In its last 20 meetings, the Wisconsin men’s basketball team has held a commanding 14-6 advantage over Iowa. But three of those six losses have come over the past two seasons as the Badgers have not taken down the Hawkeyes in nearly two years.
So what is it about Iowa (14-8, 3-6 Big Ten), a program that has not landed in the NCAA tournament since 2006, that has given Wisconsin (15-7, 6-3) such unrelenting trouble? It starts with a roster that makes the most of their talent, utilizing a style of play reminiscent of the Badgers themselves.
“A thing they do well is they match our intensity,” freshman forward Sam Dekker said. “A lot of times we’re the team that comes out and we hit them in the mouth right away, and just play harder than them, and they match it. And the past three times they’ve played harder than us and they’ve gotten the best of us.”
Wednesday night’s rematch at the Kohl Center – when Wisconsin will try to bring that three-game losing streak to a close – will be critical as the Badgers try to stay in the Big Ten title race. Halfway through a brutally tough conference season, Iowa serves as the final prep for an immensely talented Michigan team Saturday, one of four teams that sit ahead of UW in the conference standings.
Though the Badgers would need near-perfection over their final nine conference games to capture their first Big Ten regular season crown since 2008, a victory over the pesky Hawkeyes would hand the home team its first pair of consecutive wins in nearly three weeks.
UW assistant coach Gary Close says the Hawkeyes are a deceptively talented team, one lost in the mix of a Big Ten that currently boasts five ranked teams.
Their top talent arrives in sophomore forward Aaron White, a name that may be familiar to Badger fans after he posted 17 points and made it to the free throw line 15 times in a 70-66 Iowa win at Carver-Hawkeye Arena Jan. 19. His name may not yet have secured a spot in the vocabulary of Big Ten basketball fans, but his 13.9 points and six rebounds per game – both team highs – will soon earn him such a place.
“Aaron White’s one of the top players in the league,” said Close, who spent 13 years as an assistant coach in Iowa City from 1986-99. “Everybody in this league would love to have him. If he were playing for Michigan or Michigan State or Indiana, the whole country would know about him … he’s a big-time player.”
As difficult a task as it will be to control the 6-foot-8 White, defense has generally not been the issue for this Badgers team.
Instead, it has been ice-cold shooting that has cost Wisconsin in tight losses. Never were those shooting woes more apparent than when the Badgers found themselves in a 16-point hole at halftime after shooting 23.1 percent in the first half in the first meeting with the Hawkeyes this year.
That began a stretch of several poor shooting performances before UW appeared to regain its rhythm in a six-point road victory over Illinois Sunday, when it finished the game shooting 42.9 percent.

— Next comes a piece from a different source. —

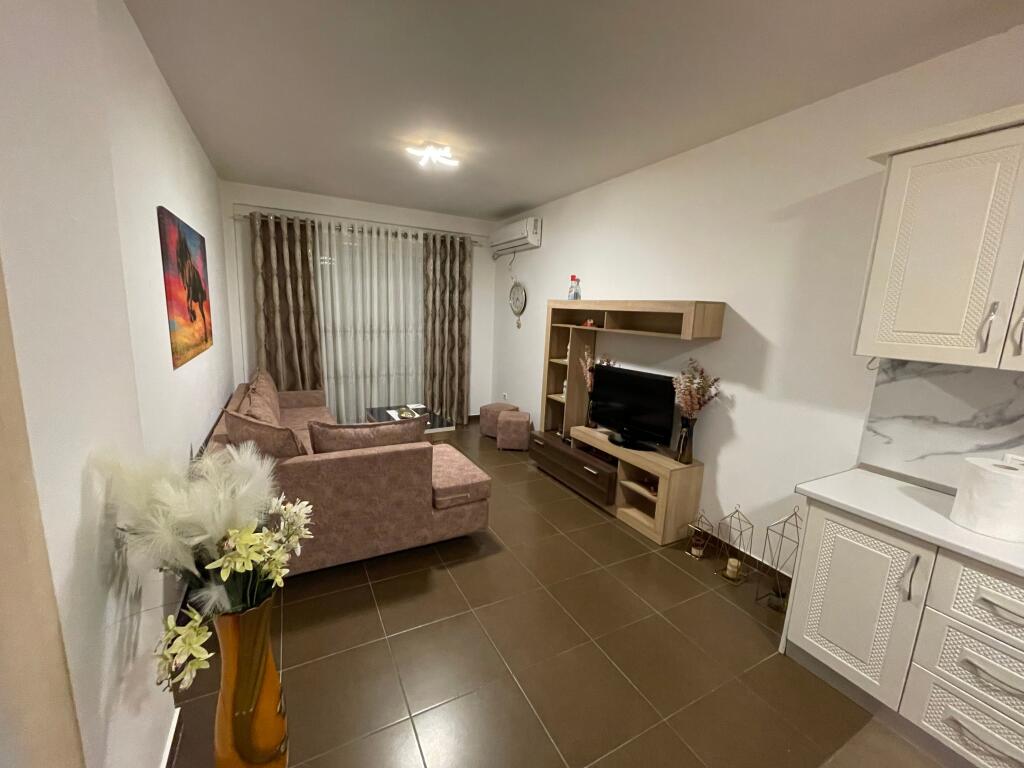 Jepet apartament 2+1 me qera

“I think that kind of got us out of [the shooting slump], getting over the hump there on the offensive end and getting to the line,” Dekker said of the win over Illinois. “Those are just things we need to do to get confident, get us going and carry that into the next few games.”
Anchoring that improved offensive effort at Illinois was sophomore forward Frank Kaminsky, who netted a career-high 19 points in his second game back after missing three games with an eye injury, including the loss to Iowa earlier this season. He watched much of that game with his mom and sister – who were in town for his sister’s birthday – from the lobby of a Madison hotel where he admits he drew some startling looks as he yelled at the TV.
“It was frustrating to watch, and there’s things we could have done in that game to win the game I think,” Kaminsky said. “They were right there at the end to win the game, just a couple dumb mistakes away from victory.”
The Badgers will need all the offensive help they can get from an Iowa squad that, according to Close, is one of the deepest in the Big Ten and carries nine players who average at least 15 minutes per game on the floor.
The duo of freshman Mike Gesell and junior Roy Debyn Marble lead a backcourt with 8.9 and 13.4 points per game, respectively. Athletic big man Melsahn Basabe takes pressure off of White in the paint when he comes off the bench with 7.4 points and 4.5 boards per game.
Coaches and players understand Wednesday night is a pit stop for the Badgers at the midway point of a taxing Big Ten season, a chance to refuel and gather the momentum for a late-season run.
“We’ve just got to refocus, bring that energy again,” Dekker said. “I think a couple of those losses were eye-openers for us because we dug ourselves in another hole, and we’ve got to get out of that. We don’t want to drop any further in the standings than we already are.”